The setting against the eastern slope of the Sierra Nevada in the Carson Valley keeps the climate mild and the views to the Pine Nut Mountains long. The annual Genoa Candy Dance, originating in 1919 as a fundraising fall event to pay for the town's first street lighting, still runs in late September with a craft fair, vendors, and the original homemade candy that gave the event its name.

Bisbee, Arizona

Aerial view of Bisbee, Arizona
Aerial view of Bisbee, Arizona.

Bisbee is the small Cochise County seat in southern Arizona's Mule Mountains (population just under 5,000) that retrofitted itself from copper mining boomtown to working artists' colony when the Phelps Dodge open-pit mine closed in 1975. The town runs up the mountain on a series of steep staircases that thread between Victorian-era miners' cottages, and the architecture from the 1880s mining boom is mostly intact because the downward population trend stopped any teardown wave. The Bisbee Mining and Historical Museum, a Smithsonian Affiliate, holds the mine's archive in the original 1898 Phelps Dodge General Office Building.

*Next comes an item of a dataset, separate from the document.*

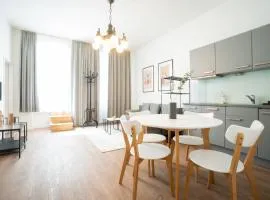 Spacious apartment with huge shared terrace and grill located between city centre and Donau river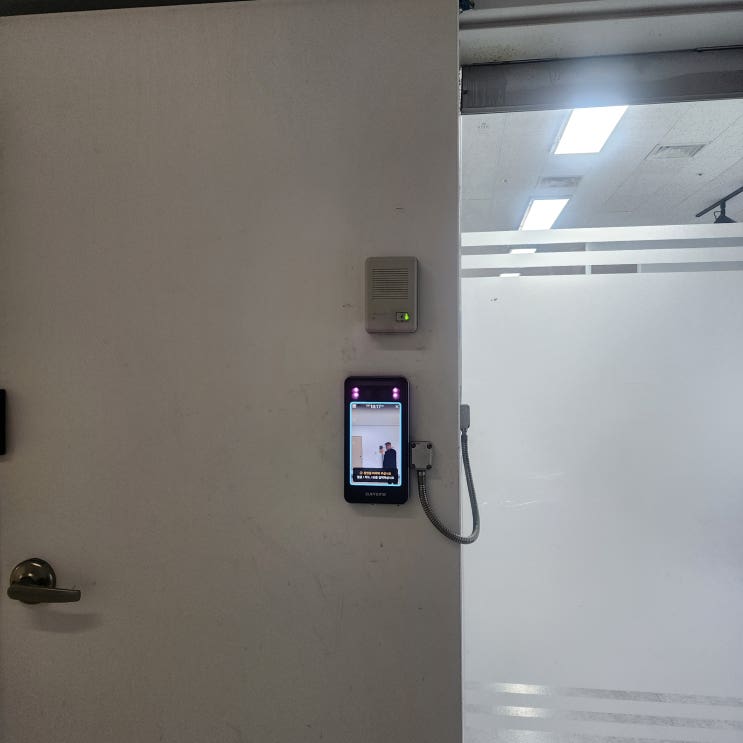  [구로 사무실 출입통제] 정확한 근태관리를 위한 입퇴실 얼굴인식기(바이오스테이션3) 설치 후기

The Queen Mine Tour takes visitors 1,500 feet into the actual mine workings on the original mining ore cars, guided by retired Phelps Dodge miners. The Lavender Pit, the open-pit mine that swallowed an entire neighborhood between 1950 and 1974, is visible from the highway overlook just east of town. The Bisbee 1000 Stair Climb each October runs 4.5 miles past nine staircases and more than 1,000 steps as one of the most unusual urban hikes in the country.

Hodgenville, Kentucky

Abraham Lincoln statue in town square of Hodgenville, Kentucky
Abraham Lincoln statue in town square of Hodgenville, Kentucky.

Hodgenville (population about 3,300) was where Abraham Lincoln was born on February 12, 1809, in a one-room log cabin on the Sinking Spring Farm three miles south of town. The Abraham Lincoln Birthplace National Historical Park preserves the site, with a 1911 Beaux-Arts neoclassical Memorial Building enshrining the symbolic log cabin (the cabin inside the building is a 19th-century structure that may or may not be the actual Lincoln cabin; the Park Service position is honest about the ambiguity). Fifty-six steps lead up to the Memorial Building, one for each year of Lincoln's life.

The Lincoln Boyhood Home at Knob Creek, ten miles north of the birthplace, preserves the farm where the Lincoln family moved when Abraham was two and lived until he was seven. The Lincoln Museum in downtown Hodgenville fills out the family history through dioramas and period artifacts. The bronze Lincoln statue in the town square is by sculptor Adolph Alexander Weinman, who also designed the Walking Liberty half-dollar.

Madison, Connecticut

Blue hour after sunset in Madison, Connecticut
Blue hour after sunset in Madison, Connecticut.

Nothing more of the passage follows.